ROTA’s three cross-cutting research projects address young people in mainstream education, workplace education and training for governance. These are:

  1. Informal Exclusions from Mainstream Education: Implications for young people’s wellbeing, educational opportunities and mental health.

    This project addresses the following issues: How are schools carrying out informal exclusions? Are children from specific BAME communities disproportionately excluded? What effect does this have on their wellbeing? We discuss what is meant by informal exclusions and why schools carry them out. We look at the characteristics of young people who have been informally excluded from school, including those with special educational needs, children in care and children from traveller, refugee or asylum-seeking families. We interview youth organisations, families and young people about their experience of informal exclusion and the effect this has on educational opportunity, wellbeing, mental health and whether the risk of involvement in offending/criminal activity is exacerbated.
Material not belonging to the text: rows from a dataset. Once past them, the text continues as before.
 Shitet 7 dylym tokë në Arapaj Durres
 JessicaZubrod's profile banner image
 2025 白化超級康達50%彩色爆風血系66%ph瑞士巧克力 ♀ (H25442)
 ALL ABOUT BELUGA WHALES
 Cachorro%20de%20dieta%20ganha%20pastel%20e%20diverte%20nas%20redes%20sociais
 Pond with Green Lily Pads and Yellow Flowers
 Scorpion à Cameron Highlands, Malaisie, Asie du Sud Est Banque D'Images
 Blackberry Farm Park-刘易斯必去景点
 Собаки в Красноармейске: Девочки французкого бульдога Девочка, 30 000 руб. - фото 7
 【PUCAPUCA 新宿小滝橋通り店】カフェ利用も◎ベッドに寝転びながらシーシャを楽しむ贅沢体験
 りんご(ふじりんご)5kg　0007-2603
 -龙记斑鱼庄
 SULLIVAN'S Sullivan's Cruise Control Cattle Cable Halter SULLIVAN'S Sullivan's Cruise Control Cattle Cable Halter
  2. Discrimination and exploitation in the workplace

    This project asks whether people who work in some private sector industries and contracted-out services are vulnerable to discriminatory/exploitative practices. We focus especially on those who work in hospitality, care services, cleaning and similar occupations. These sectors often have a large number of women workers, young/student or part-time workers and people from BAME communities. We look at legislation, policy and strategies which can be used to support people who are experiencing exploitation or discrimination at work and discuss the support and training available to employers to develop and implement good equality policies.

  3. The under-representation of BAME people in the governance and trustees structures of the voluntary sector in London

    This research discusses why there are so few BAME people involved as trustees or governors of voluntary sector organisations and how strategies such as training and support can improve the situation. The project focuses on the use of training, coaching and mentoring to develop the governance skills and aptitudes of people from BAME backgrounds so that they can become effective charity trustees. It also looks to match people from BAME backgrounds who have the relevant skills to trustee and governance positions within voluntary organisations and to help organisations improve the diversity of their governance structures.